>>

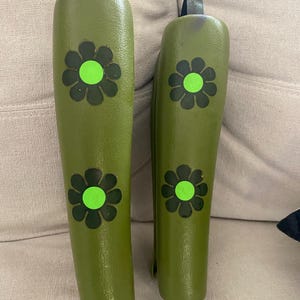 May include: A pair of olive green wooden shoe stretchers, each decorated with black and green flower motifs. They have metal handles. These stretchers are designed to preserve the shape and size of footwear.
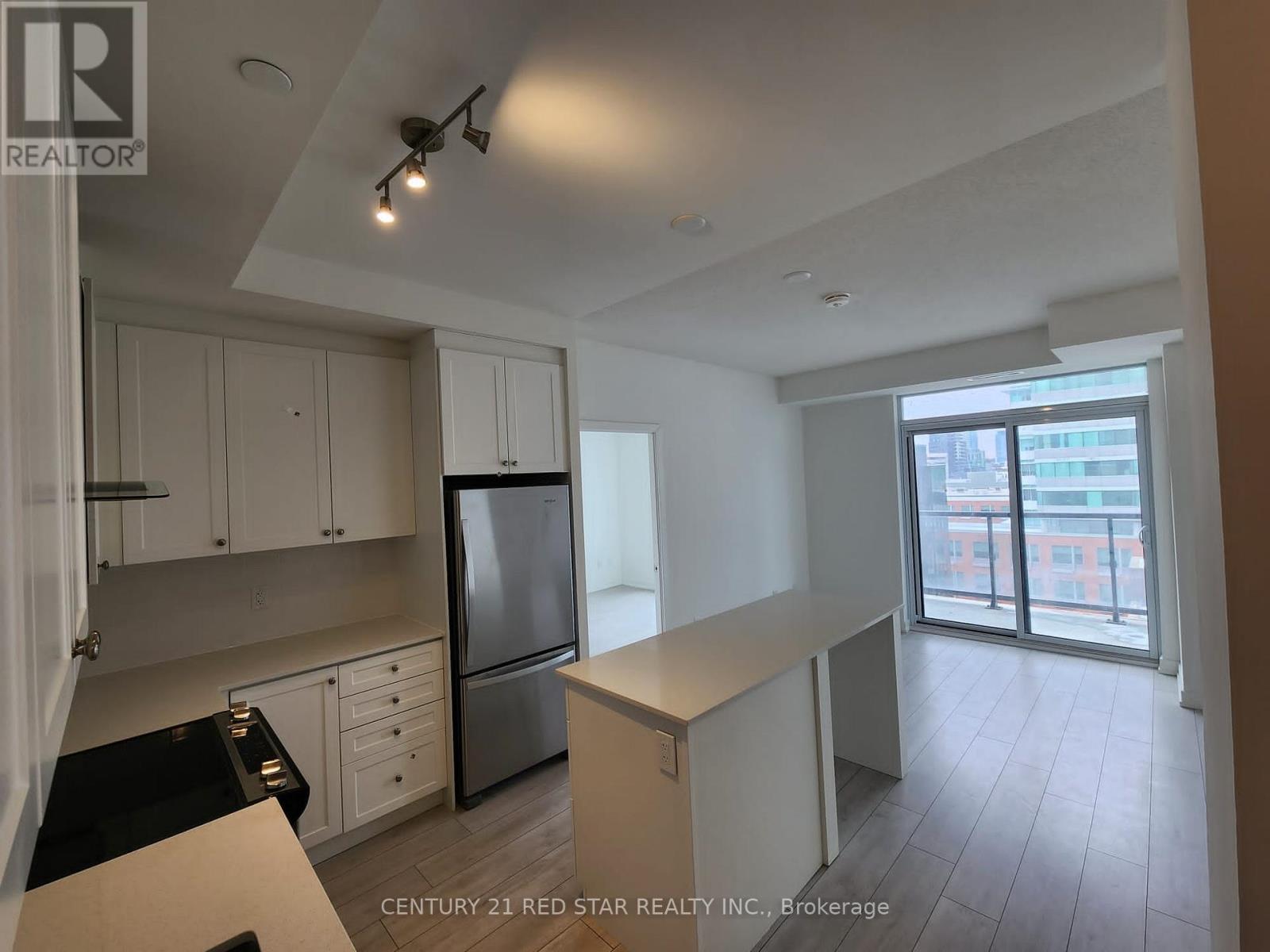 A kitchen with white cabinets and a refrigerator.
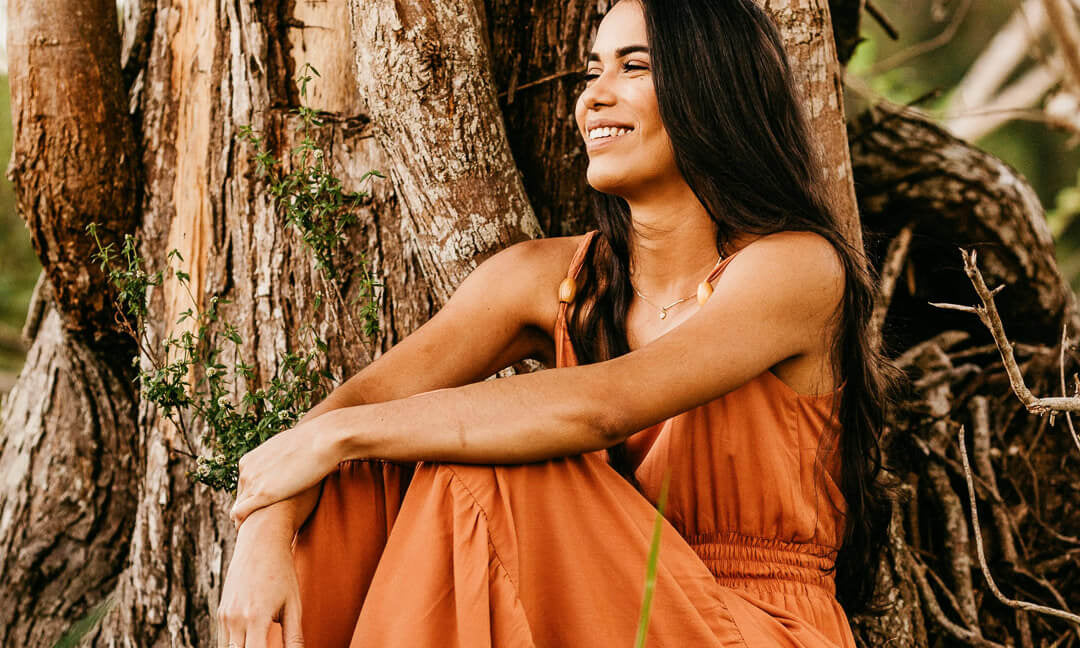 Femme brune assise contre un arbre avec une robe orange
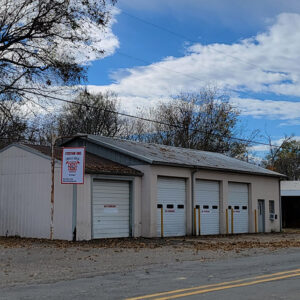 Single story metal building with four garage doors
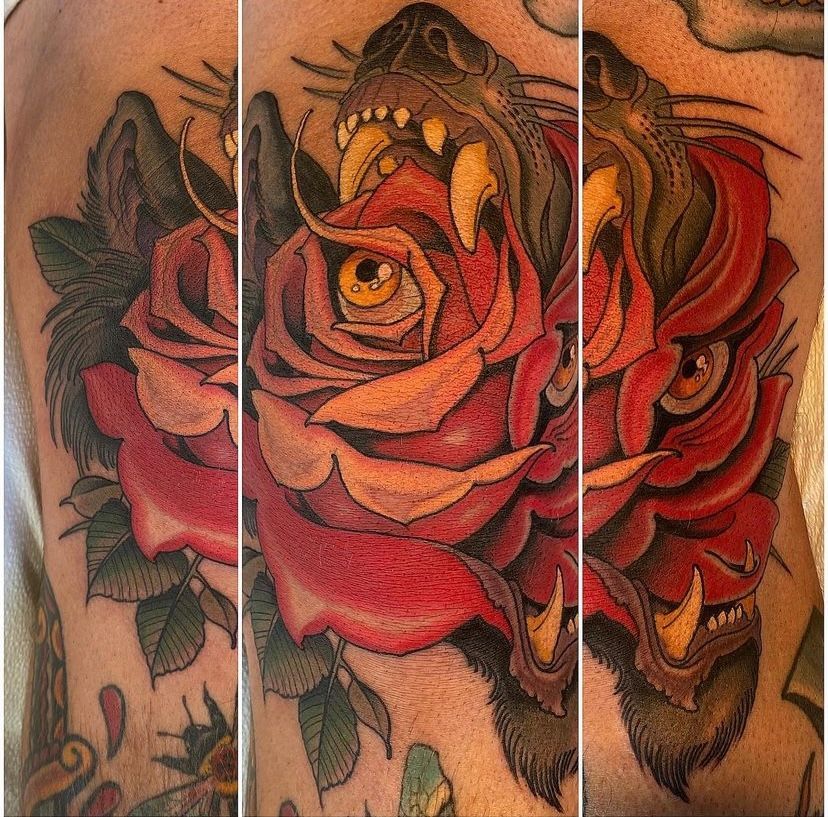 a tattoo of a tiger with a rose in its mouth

<<

Could you retype each line of the material above exactly, skipping the pictures?

 May include: A pair of olive green wooden shoe stretchers, each decorated with black and green flower motifs. They have metal handles. These stretchers are designed to preserve the shape and size of footwear.
 A kitchen with white cabinets and a refrigerator.
 Femme brune assise contre un arbre avec une robe orange
 Single story metal building with four garage doors
 a tattoo of a tiger with a rose in its mouth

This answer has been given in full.